- See also:: Other events of 2023; Timeline of BVI history;

= 2023 in the British Virgin Islands =

Events from the year 2023 in the British Virgin Islands.

==Incumbents==

- Governor: John Rankin
- Premier: Natalio Wheatley

==Events==

===January===
- 10 January - Former Speaker of the House of Assembly, Julian Willock, is reportedly arrested and then released in relation to suspicions of human trafficking. Through a statement released on an affiliated news website, Willock strenuously denied the allegations, and referred to them as "unfounded". Willock had previously resigned as speaker under pressure from his party in May 2022.

=== April ===

- 24 April - 2023 British Virgin Islands general election: Citizens of the British Virgin Islands elect the 13 members of the House of Assembly.
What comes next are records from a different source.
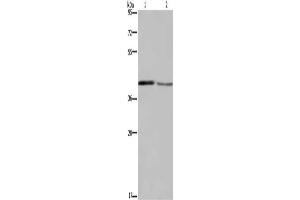Gel: 8 % SDS-PAGE, Lysate: 40 μg, Lane 1-2: Mouse small intestine tissue, Mouse skin tissue, Primary antibody: ABIN7129190(DEGS1 Antibody) at dilution 1/450, Secondary antibody: Goat anti rabbit IgG at 1/8000 dilution, Exposure time: 5 minutes (DEGS1 antibody)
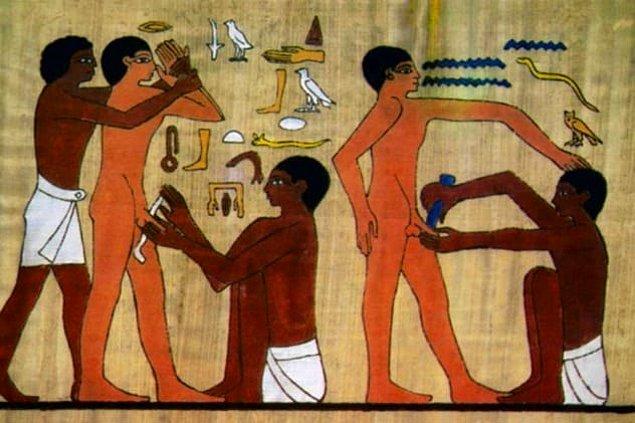 4. Sünnet birçok antik toplum için oldukça olağan dışı olsa da, Mısır'da var olan bir gelenekti.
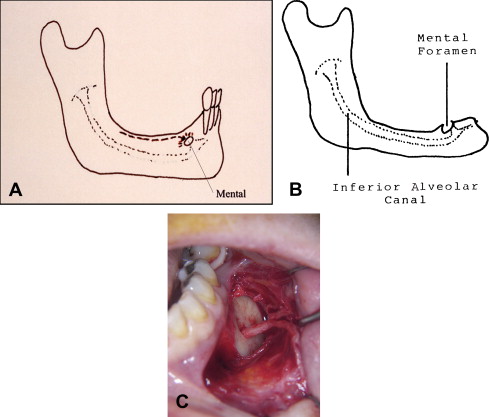 Dental implants: Mandibular neurovascular considerations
No party won an overall majority but the incumbent Virgin Islands Party (VIP) won the most seats. Discussions to form a coalition ensued.
- 25 April - In a surprise move, Lorna Smith (wife of longtime National Democratic Party leader, Orlando Smith) switched allegiance to the VIP allowing them to form a government. Lorna Smith was made Deputy Premier.
- 27 April - The new Cabinet was announced. For the first time it included a new Ministerial position for financial services.

===July===
- 1 July - an armed robbery takes place during broad daylight at the Tortola Pier Park, a key tourist location.

===October===
- 3-4 October - Tropical Storm Philippe brings widescale flooding to the Territory, despite passing nearly 90 nautical miles to the north.
- 9 October - Unknown assailants opened fire on a prison van, reportedly to try and free a prisoner. One guard was injured.